As the sessions rolled on, tensions between Scratch and Trojan began to simmer.
After the release of Battle Of Armagideon in 1986, Trojan asked Scratch to record a follow up album. He set about doing so, but as the sessions rolled on, tensions between Scratch and Trojan began to simmer. The company owed Scratch a lot of royalties from their extensive back catalogue of Scratch's music, but were more concerned about getting new material from him — hardly an encouraging approach. At the same time, Scratch was irritated by the fact that some of Trojan's in-house producers were adding overdubs and creating final mixes of the songs without any input from him. The Upsetter would walk out of recording sessions when the Trojan crew showed up and then return after they had left, working late into the night undoing their efforts. As if the problems with Trojan weren't bad enough, Scratch was also at odds with his managment company, who were taxing his patience in regards to live performances and trying to find other ways to promote him. Scratch began to drink heavily, and his mood towards the people around him took a turn for the worse.
Trojan started to put more pressure on the Upsetter; he told them that they "deserved nothing". Trojan officials finally demanded the master tape from Scratch, and eventually two reels of master tapes were delivered with the following track listing:
1. I Am The Upsetter
Read the listing as a complete sentence and you will get the joke; the tapes that Scratch delivered were blank. Scratch sporadically worked on the music for awhile longer, but before long his enthusiasm waned, and the project came to a halt. In 1989, Scratch relocated to Switzerland and the sessions were more or less considered "lost".
Ten years later, the master tapes for the fractured album "mysteriously" showed up at Trojan, and after some work became On The Wire.
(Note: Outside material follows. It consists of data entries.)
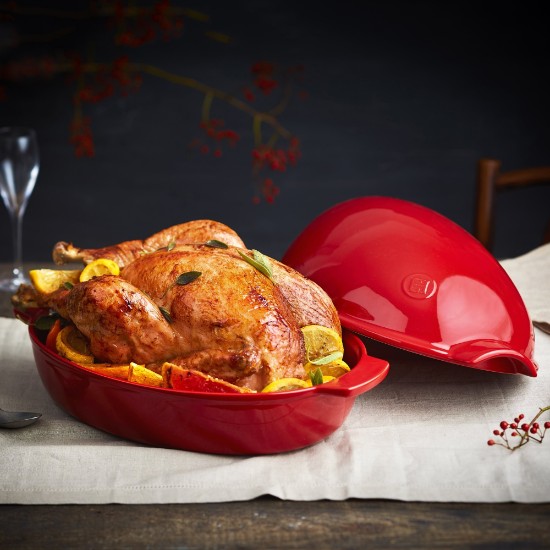 Posuda za pečenje piletine, keramika, 41,5 × 27,5 × 22 cm / 4 l, Burgundy - Emile Henry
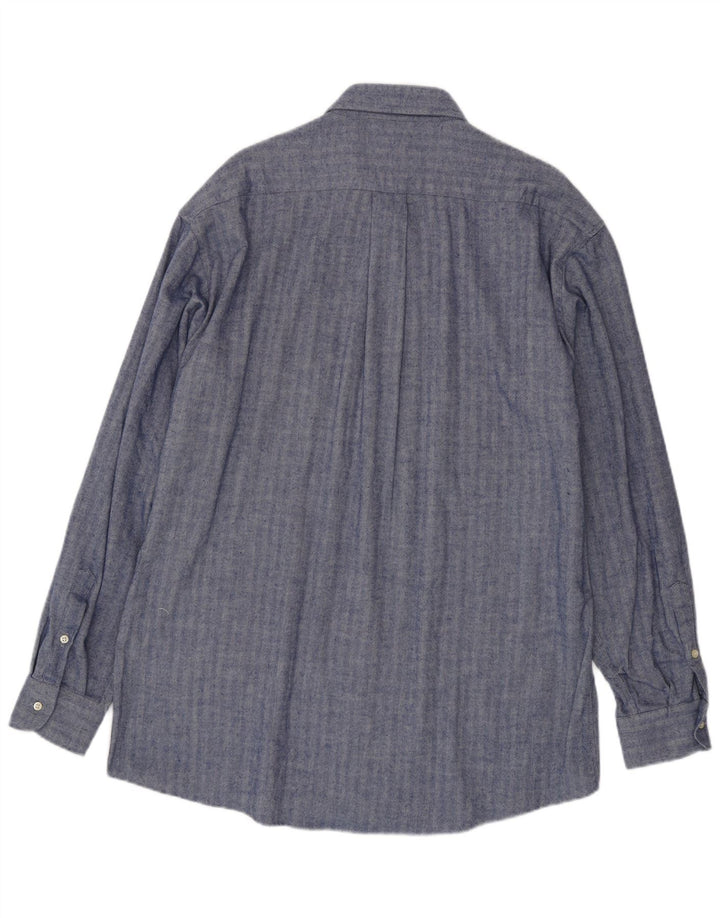 Vintage herreskjorte str. 45 18 2XL marineblå sildebensbomuld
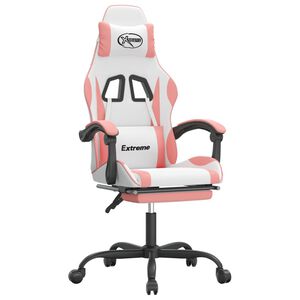 vidaXL Gamestoel draaibaar met voetensteun kunstleer wit en roze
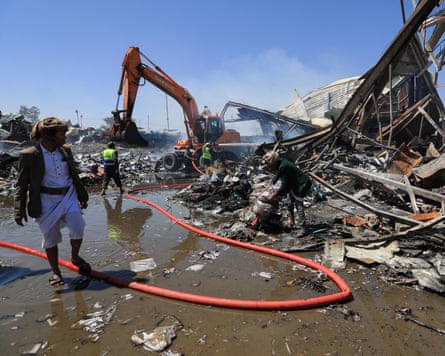 The aftermath of a Saudi airstrike on a foam factory in Sana’a on 9 October.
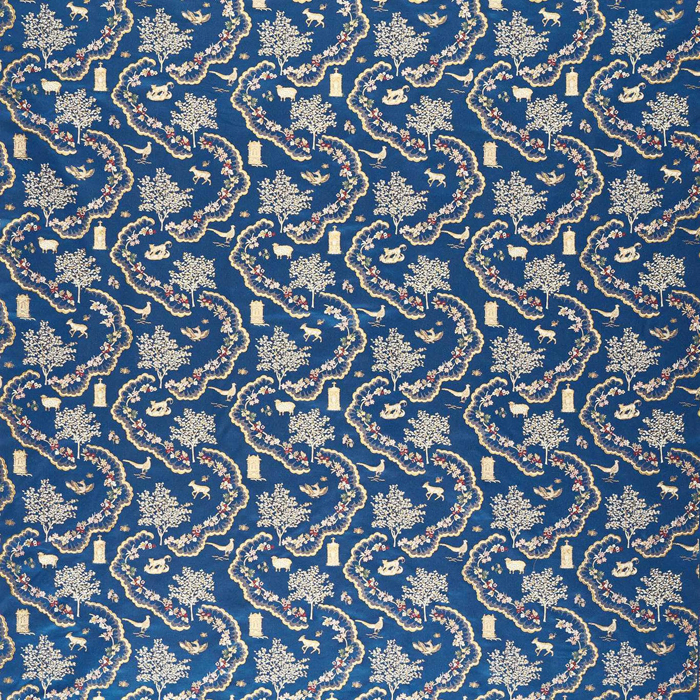 Wildflower Meadow Brocade Sapphire Fabric by Sanderson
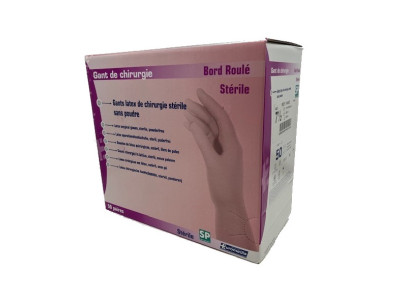 Gant de chirurgien en latex sans poudre manchette 300 mm T 5 1/2 bords roulés - Boite/50 paires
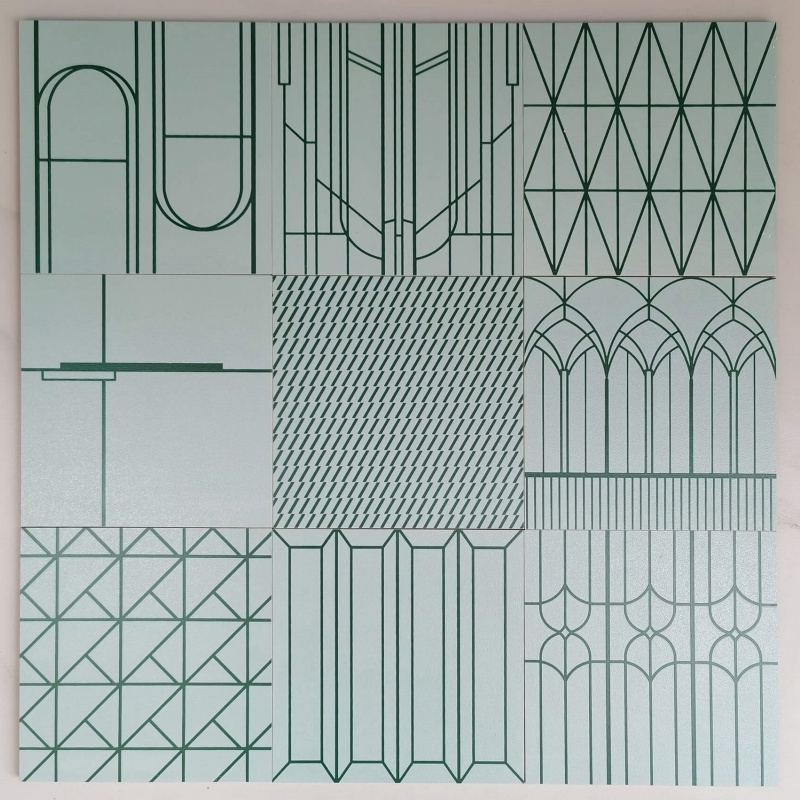 Decorative Patchwork Matt Floor Tile for Indoor Use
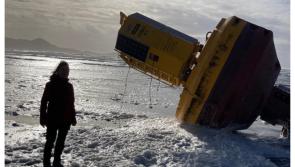 'Big scrap value in that!' - Storm &Eacute;owyn washes up an old victim of Storm Darragh on Irish beach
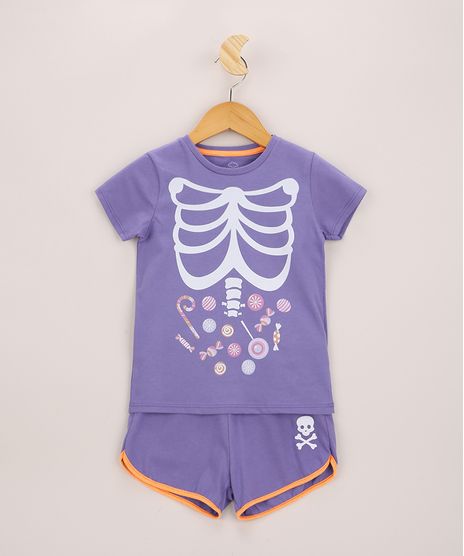 Pijama-Infantil-Halloween-Manga-Curta-Roxo-9969730-Roxo_1
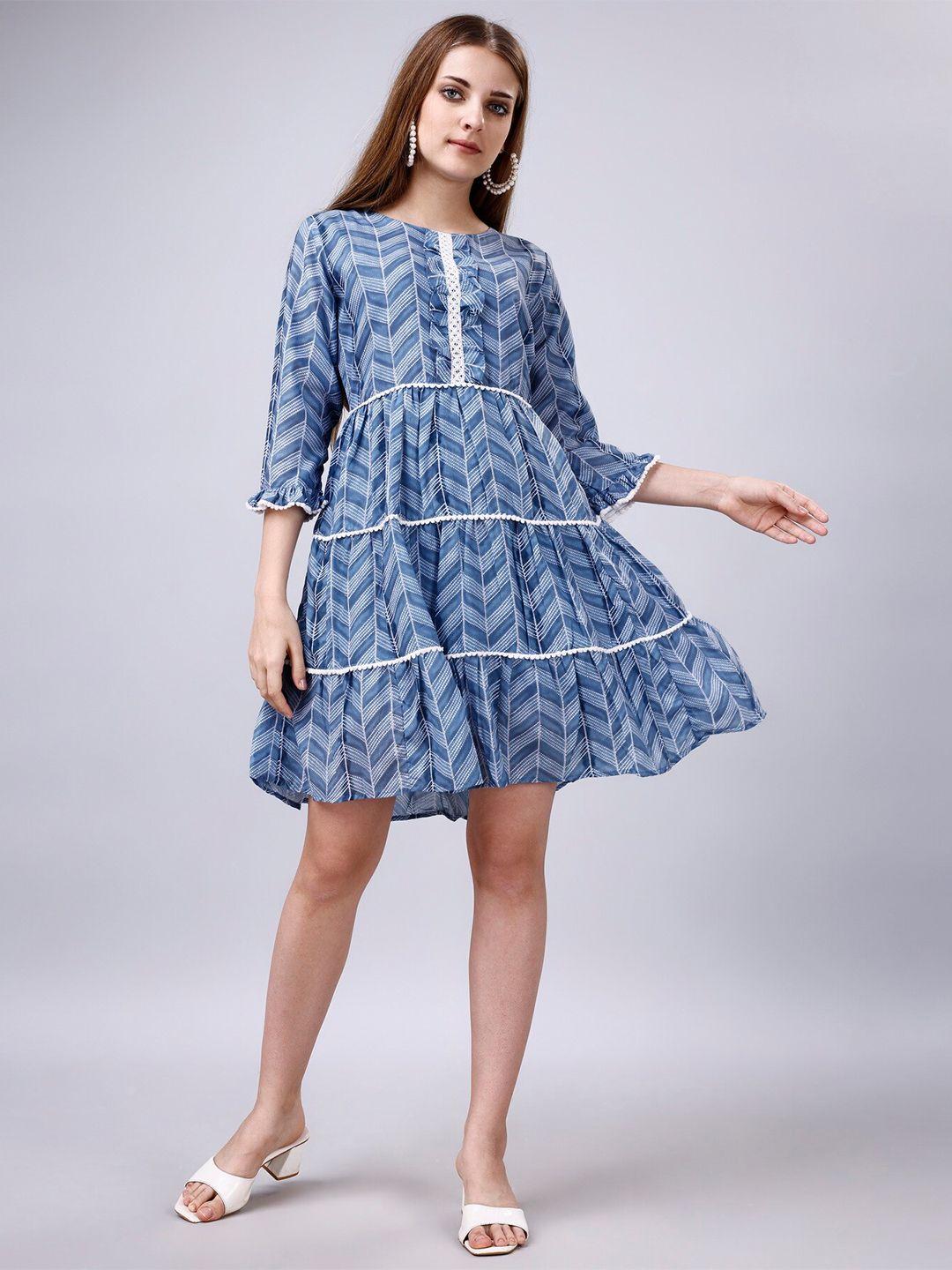 ekta textiles geometric printed cotton tiered pleated fit & flare dress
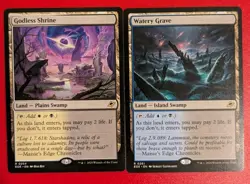 Godless Shrine 254 & Watery Grave 261 MTG Edge of Eternities Shockland Bulk - Image 1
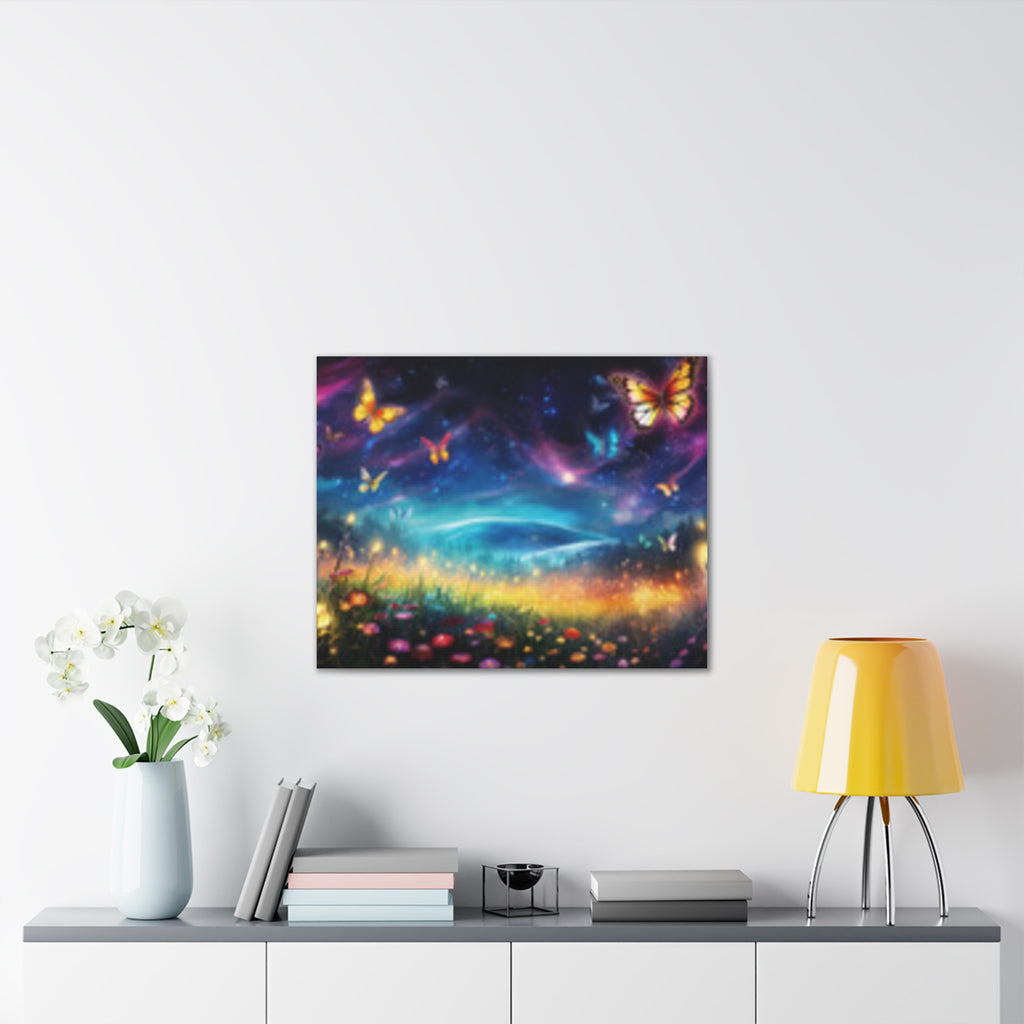 Butterfly Dreamscape Canvas Print — Fantasy Night Meadow Wall Art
Although the sleeve notes only hint at the real story, it is most likely that Scratch simply decided that he needed some money and finally released the tapes to Trojan for a reasonable sum.
A weird insight into Scratch's frame of mind at the time.
On The Wire is fascinating for many reasons. There is no production credit on this album — perhaps not surprising given its history. Ultimate production credit probably goes to Scratch despite the work of Trojan's knob turners. One definite uncredited producer is none other than Adrian Sherwood: "Lee 'Scratch' Perry On The Wire" is almost identical to "Jungle" (found on Time Boom X De Devil Dead), while "Grim Reaper" is more or less an alternate version of the raucous "Train To Doomsville" (another Sherwood production found on the Pay It All Back compilation). There are also reworkings of Bob Marley's "Duppy Conqueror" ("Yes My Friends"), "Keep On Moving", and "Exodus", as well as a new version of "I Am The Upsetter". Scratch would later revisit some of the songs he co-wrote with Marley on the 1998 album Dub Fire; it's interesting to hear the versions that he cooked up for On The Wire. Some of the experiments that Scratch would later use on his Grammy-award winning Jamaican ET album (2002), such as double and triple tracked vocals, are first heard here. Several avant garde touches, such as barking dogs in the mix, perhaps reveal a weird insight into Scratch's frame of mind at the time.
Although it's unfortunate that On The Wire has such a checkered past, it's better that we had to wait 10 years to hear it rather than have these fascinating songs remain in limbo.